#### EXERCISE BRIEF
Once the line containing "Screw Bit Case" is found in the entries below, restate it and each following line word for word, stopping after the line containing "Halloween Ghost Costume".

#### INFORMATION SUPPLIED
>>

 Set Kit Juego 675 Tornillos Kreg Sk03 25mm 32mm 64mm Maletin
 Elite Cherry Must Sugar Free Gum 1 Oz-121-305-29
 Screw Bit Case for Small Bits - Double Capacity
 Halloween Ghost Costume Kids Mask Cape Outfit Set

<<
>>

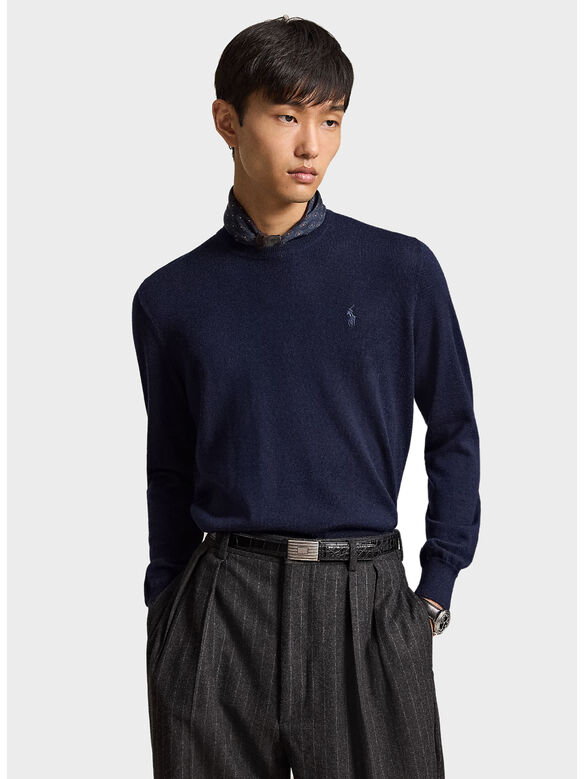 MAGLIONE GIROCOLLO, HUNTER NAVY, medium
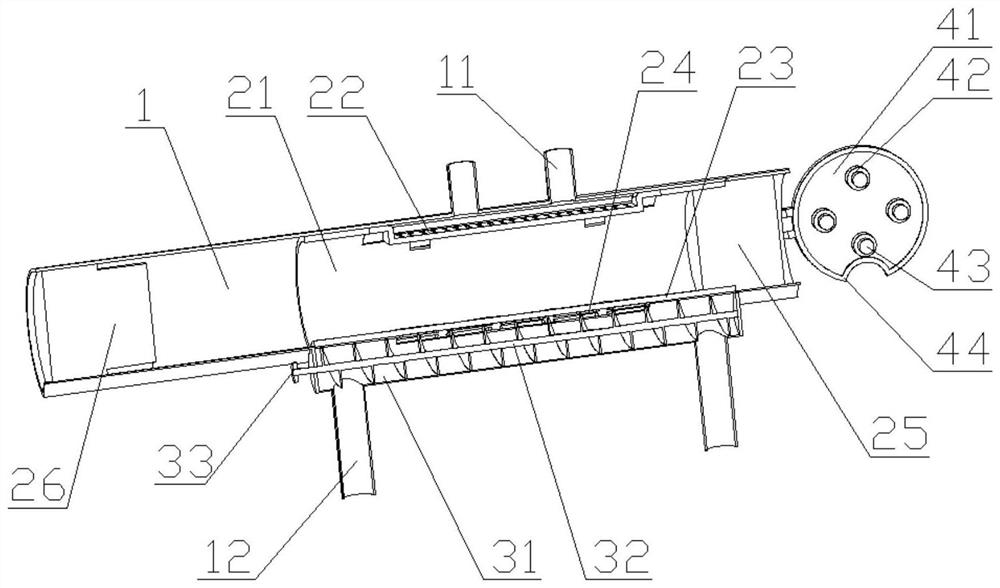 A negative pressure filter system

<<
>>

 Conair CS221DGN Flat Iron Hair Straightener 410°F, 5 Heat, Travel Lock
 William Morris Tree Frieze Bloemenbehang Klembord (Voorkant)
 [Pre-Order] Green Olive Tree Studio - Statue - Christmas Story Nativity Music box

<<

#### ANSWER BOX
 Screw Bit Case for Small Bits - Double Capacity
 Halloween Ghost Costume Kids Mask Cape Outfit Set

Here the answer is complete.